2. Permissions are honest

In a Mode 1 chat, the vendor's backend hits the LLM with whatever context it needs. The user has no idea what was sent. Mode 2 makes the data transfer explicit: the AI client tells the user "I want to call search_entities", the user approves (or auto-approves), and the data flows. Audit trail at the tool-call level. No mysterious prompt leakage.

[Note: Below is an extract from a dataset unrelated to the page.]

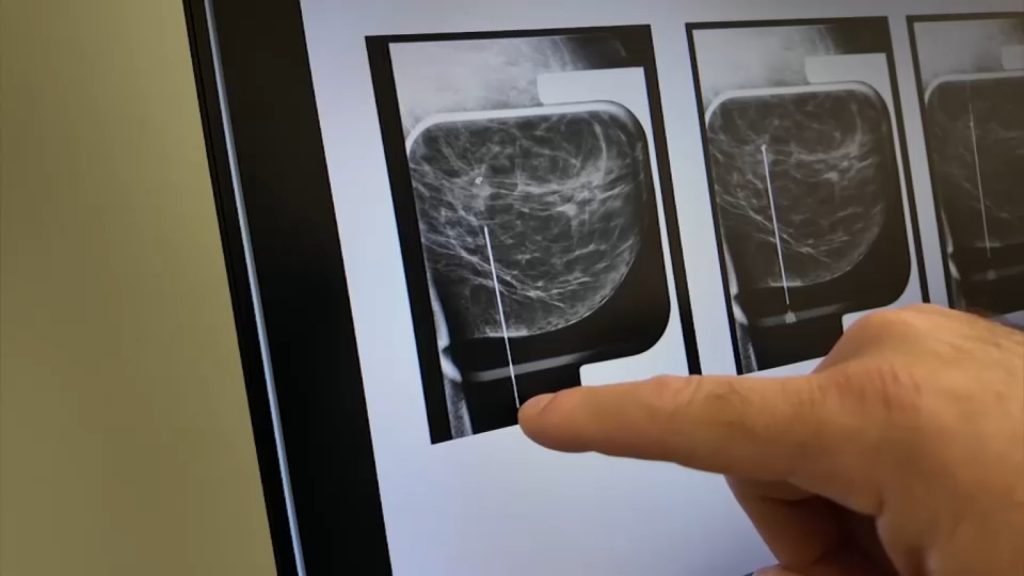 Stony Brook's Cancer Center accepting patients for breast cancer clinical trial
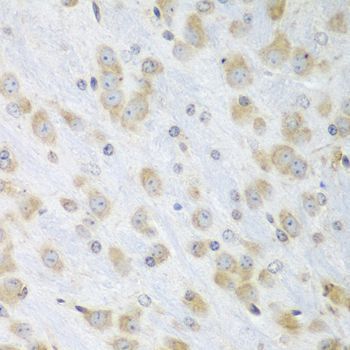 Immunohistochemistry - PDIA3 Polyclonal Antibody (144-01085)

3. Multi-tenant isolation works

Because we don't pass tenant data into a shared LLM session pool, we don't have to worry about prompt-injection cross-tenant leakage. Every MCP request is signed with a tenant-scoped OAuth token. Every database query is wrapped in a SET LOCAL app.tenant_id transaction. Row-level security in Postgres catches anything that slipped through. The customer literally cannot see another tenant's data, even if they wanted to.

4. The data layer is the moat

Mode 1 vendors compete on UX polish and prompt tuning. Mode 2 vendors compete on the quality, structure, and durability of the data they expose. Our entire product investment is in the 5-layer ontology, the AI-guided intake, the revision history, the permissions model. The customer's AI keeps getting smarter (model providers will see to that); our job is to keep giving it better material to work with.

5. We don't lose customers when a new AI ships

The day a new frontier model drops, our customers can switch their AI subscription and KlyHub still works exactly the same. We're not betting on any particular model winning. We're betting on "structured context for AIs" being a permanent need regardless of which AI is winning this quarter.

What we give up

Mode 2 isn't free. We lose three things:

The chat UX moment. When a competitor demoes their slick chat, we show MCP wiring. It's less viscerally impressive at first glance. We trade it for compounding context value.
The inference margin. Some vendors will subsidize early customers by taking a loss on inference. We can't match that with cash; we have to match it with product depth.
The "all in one app" pitch. Customers using KlyHub are going to spend most of their time in someone else's UI. We have to be okay with being a back-end service that quietly improves their existing tools.

Why this matters now

The MCP standard makes Mode 2 viable. Without it, the only way to give an AI client your data was to copy-paste, upload-file, or build a one-off integration per client. With MCP, one server reaches all major clients. The unit economics of building a Mode 2 product changed in late 2025; we're shipping the playbook that change unlocked.

If you're building anything in the AI space, the Mode 1 / Mode 2 fork is the strategic decision that matters most. Picking right shapes the next decade of your business.